For my first appointment, I’m meeting with a long standing Korea hand for drinks at the British Embassy basement bar – something of a Friday evening institution amongst expats at which Embassy staff take turns to serve behind the bar, and the punters down bottled beers and locally made sausages that give the taste of home.

On the way past City Hall I pass what seems to be a fairly low-key protest: a solitary ajosshi with a megaphone shouting about something or other. I walk past without expressing much interest, until my eye sees the slogan in bold letters: sodom mayor. I wonder briefly whether this is a charming mistranslation, a piece of random Konglish.

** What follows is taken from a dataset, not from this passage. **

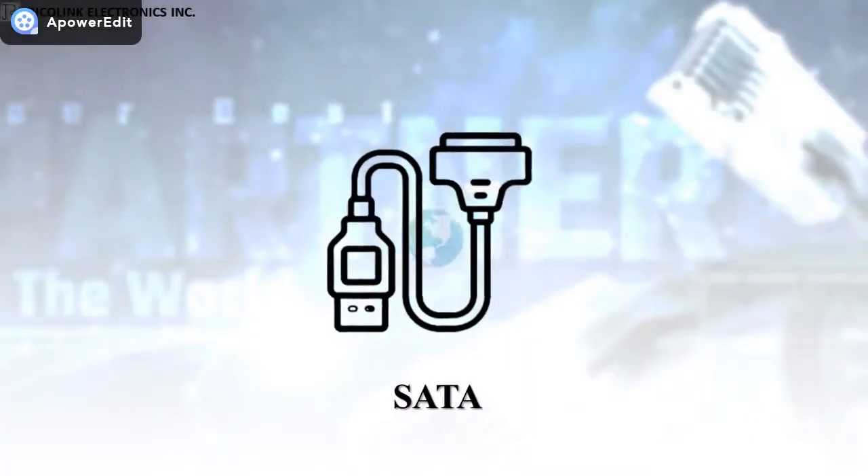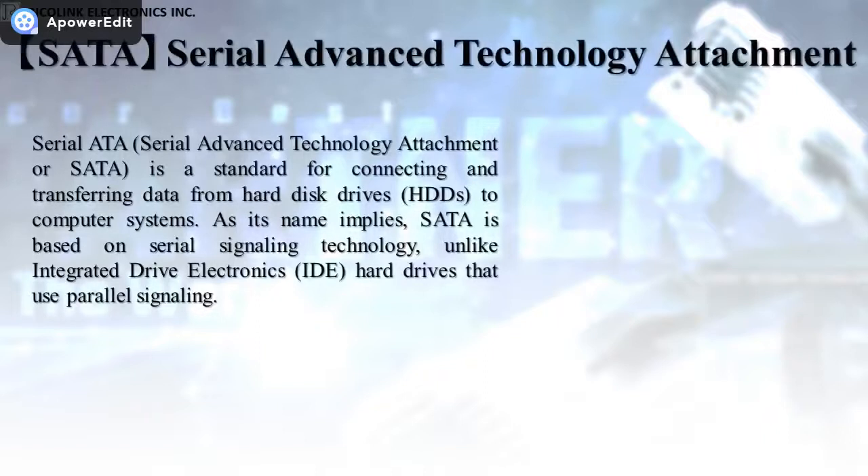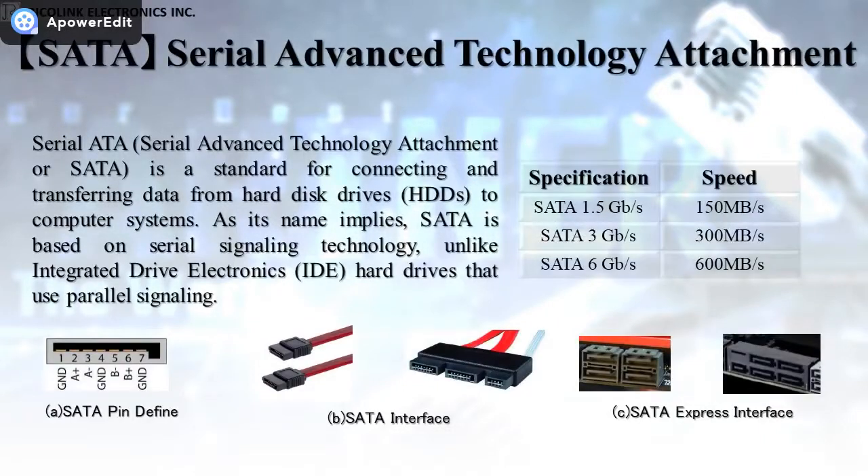SATA Cable. Serial ATA is a standard for connecting and transferring data from hard disk drives to computer systems. As its name implies, SATA is based on serial signaling technology, unlike Integrated Drive Electronics hard drives that use parallel signaling.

But no. I gradually focus on the accompanying poster, which shows a rear view of a man wearing nothing apart from a thong. To avoid giving too much offence (or maybe excitement), most of the bum cleavage has been pixelated out. (There’s a photo of that particular poster halfway down this Buzzfeed article)

Outside Seoul City Hall
Outside Seoul City Hall (photo taken 6 June 2015)

I realised that the protest was designed to contribute to the debate about the proposed Gay Pride march that was due to take place on 9 June, and to encourage the mayor to withdraw his support for the event. The evangelical Christians were definitely against such a horror, but on ironically on a separate occasion the anti gay-pride performance was just about the gayest thing many people had witnessed.

Not wishing to antagonise the angry ajosshi by taking a photo, I scurried past – but returned the next day when no-one was protesting, to take the above picture. The Washington Post has a fuller story here.

I meet up with my host outside the embassy, sign in, and start attacking the beers along with the other regulars. It’s a convivial way to end the week, and I get the feeling that it’s something of a routine for many of those present. We are due to have dinner a few blocks away with a couple of my friends so have to draw the line after the third beer which arrives from somewhere for free. The rendez-vous is at a Chinese restaurant with a former work colleague and a designer who I met at 100% Design London.

They are already there waiting for us, and my former colleague Insoon has some anti-MERS precautions for me: vitamin supplements and anti-bacterial handwash. I gratefully accept them, and do in fact use them for the remainder of my stay. And thus, or maybe otherwise, I have lived to tell the tale.

My third stop of the evening is Jebi Dabang, a coffee shop in the Hongdae area where the Sogyumo Acacia Band is performing downstairs. We manage to arrive just as the set is about to start: cute female vocals supported by two acoustic guitars: very laid back and pleasant to listen to, but I can sense that Insoon (who is a Big Bang fan) and Jaehyuk (who probably enjoys something more on the heavy rock end of the spectrum) aren’t enjoying it much, so after the first set we leave to find more refreshment.

Somewhere in Hongdae...
Somewhere in Hongdae…

We have a few more drinks at a nearby craft beer place before heading our respective ways back home.